## [Data]

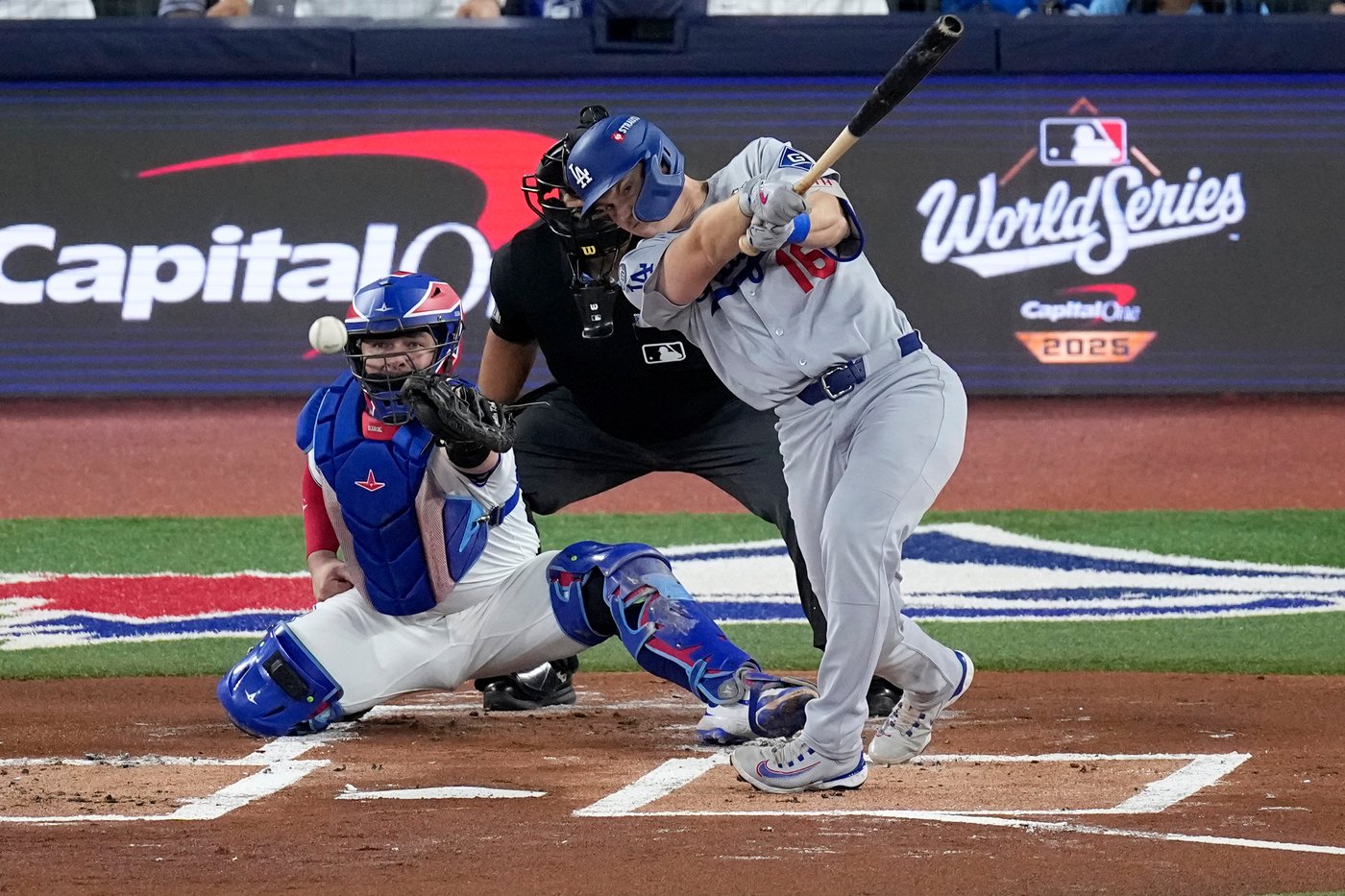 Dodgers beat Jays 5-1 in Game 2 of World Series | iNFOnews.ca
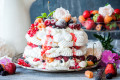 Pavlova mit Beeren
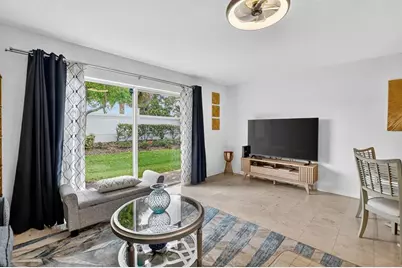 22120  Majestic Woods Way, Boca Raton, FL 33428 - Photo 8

...

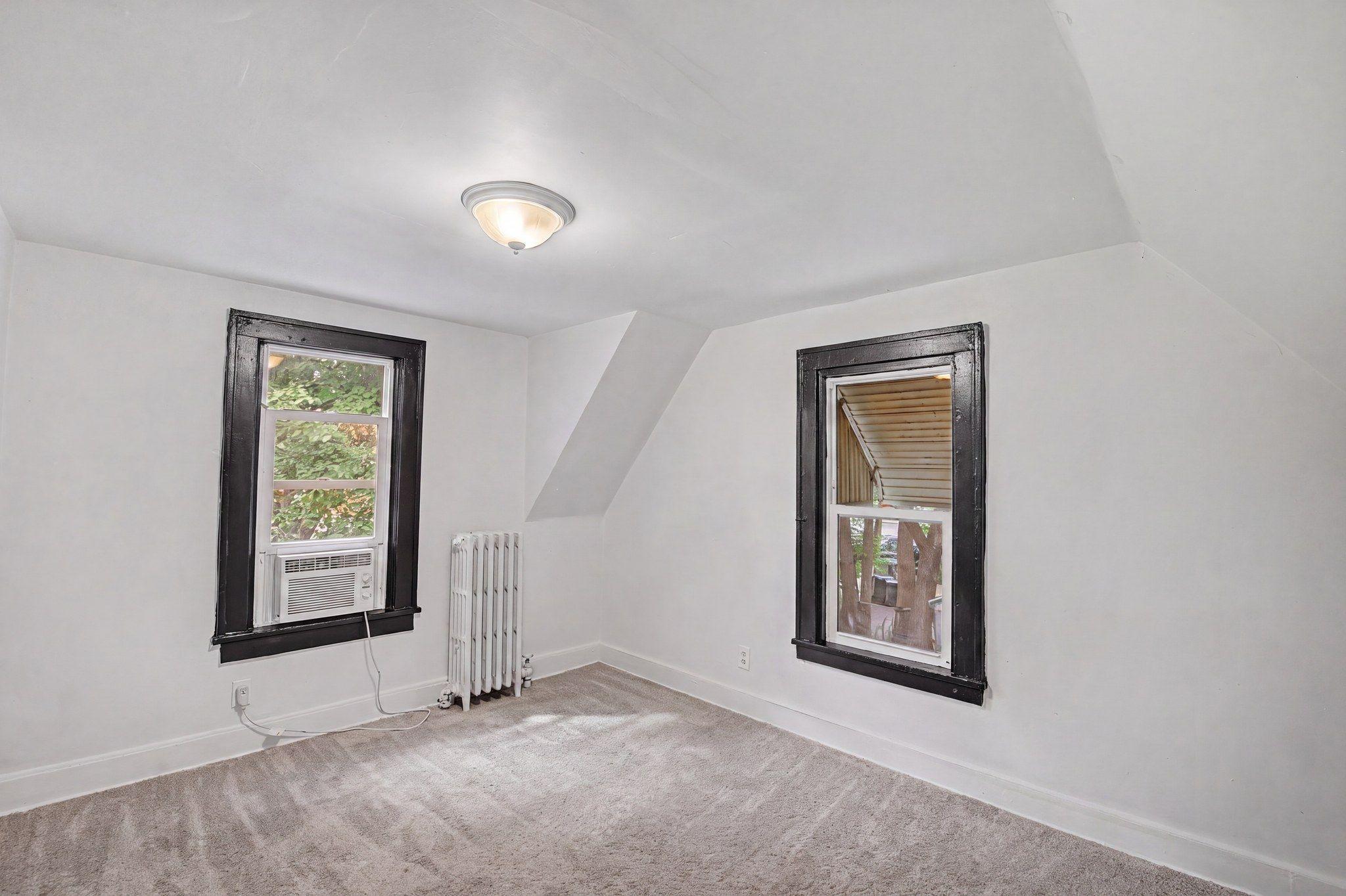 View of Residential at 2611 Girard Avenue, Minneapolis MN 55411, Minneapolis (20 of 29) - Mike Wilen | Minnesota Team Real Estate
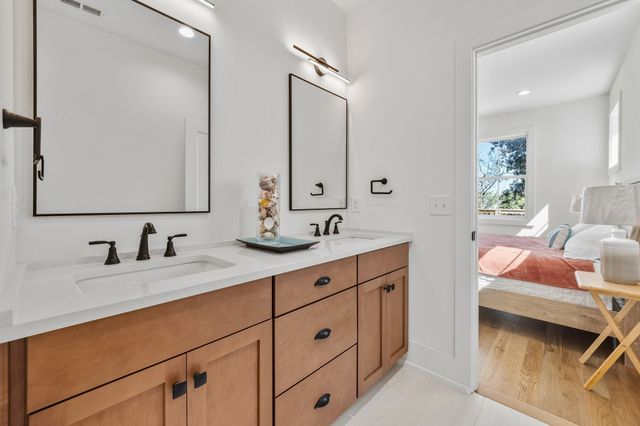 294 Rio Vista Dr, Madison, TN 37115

---

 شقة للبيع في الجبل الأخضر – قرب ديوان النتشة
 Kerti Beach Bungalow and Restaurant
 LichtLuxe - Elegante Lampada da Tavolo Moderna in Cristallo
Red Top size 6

## [About this task]
Exact copy, pictures excluded: every line above from the one containing "Pavlova mit Beeren" to the one containing "33428 - Photo 8", inclusive, and nothing more.

## [Answer to the exercise]
 Pavlova mit Beeren
 22120  Majestic Woods Way, Boca Raton, FL 33428 - Photo 8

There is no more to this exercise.